Cornell’s arrival brings back memories for Knights’ Eliot

Golden Knights vice president of hockey programming Darren Eliot played goalie at Cornell and w ...

In most cases, one has to possess a grade-point average of 3.9 or above to even be considered for admittance into Cornell University.

But if one is dexterous at stopping a vulcanized rubber disk from entering a cage that is 72 inches wide by 48 inches tall, Darren Eliot says they’ll let you in with a goals-against average of 3.53.

The Golden Knights broadcaster and former Los Angeles Kings goalie wasn’t aware of the value of an American education at a prestigious Ivy League school when he was playing junior hockey in Canada. All he knew is that Ken Dryden had minded the net at Cornell. And that if he did the same, it would get him out of a year of high school in Toronto.

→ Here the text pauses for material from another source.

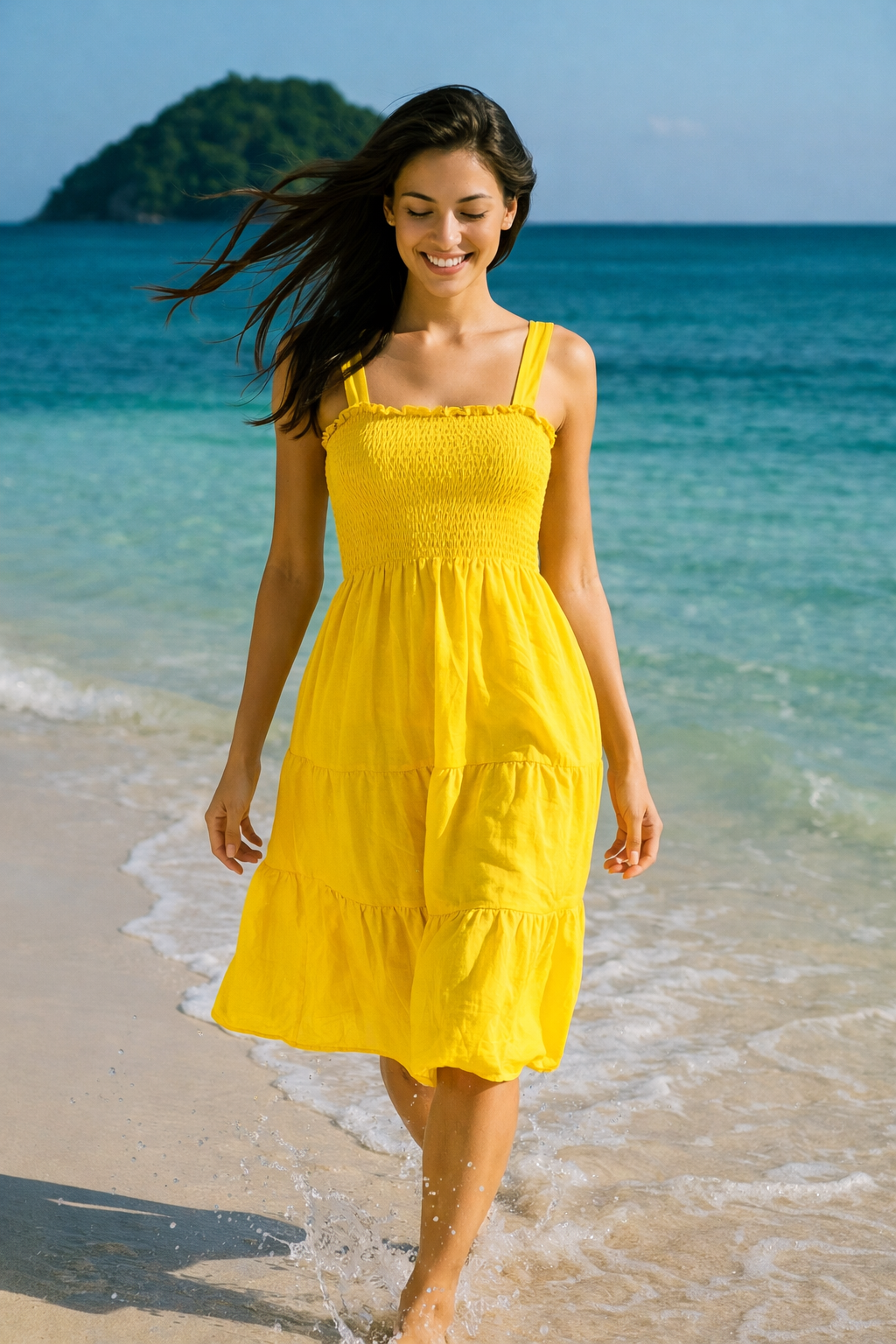 Plain Mini Sleeveless Rayon Cotton Dress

And, perhaps more importantly, it would get him out of Mike Keenan’s crosshairs.

Keenan was coach of the Oshawa Legionaires, the Metro Junior B team for which Eliot tended goal as a naive teenager in 1978. Keenan’s nickname was Iron Mike. He was tough on his players — especially the ones who tended goal.

During the 1987 playoffs, when he was coaching the NHL’s Philadelphia Flyers, Keenan pulled goalies Ron Hextall and Chico Resch five times in one game. There’s an infamous story told by Brett Hull that when Dale Hawerchuk (a teammate of Eliot’s in Oshawa) wanted his dying grandmother to see him play one last time for the St. Louis Blues in a game at Buffalo, Keenan benched him.

“I had done well enough on my SATs … to get into American colleges,” Eliot, 58, said of visiting the Cornell campus in frosty Ithaca, N.Y. “Lynah Rink was beautiful, and back then it held 3,500 (spectators) — we played in front of family and friends (at Oshawa). It was completely eye-opening.”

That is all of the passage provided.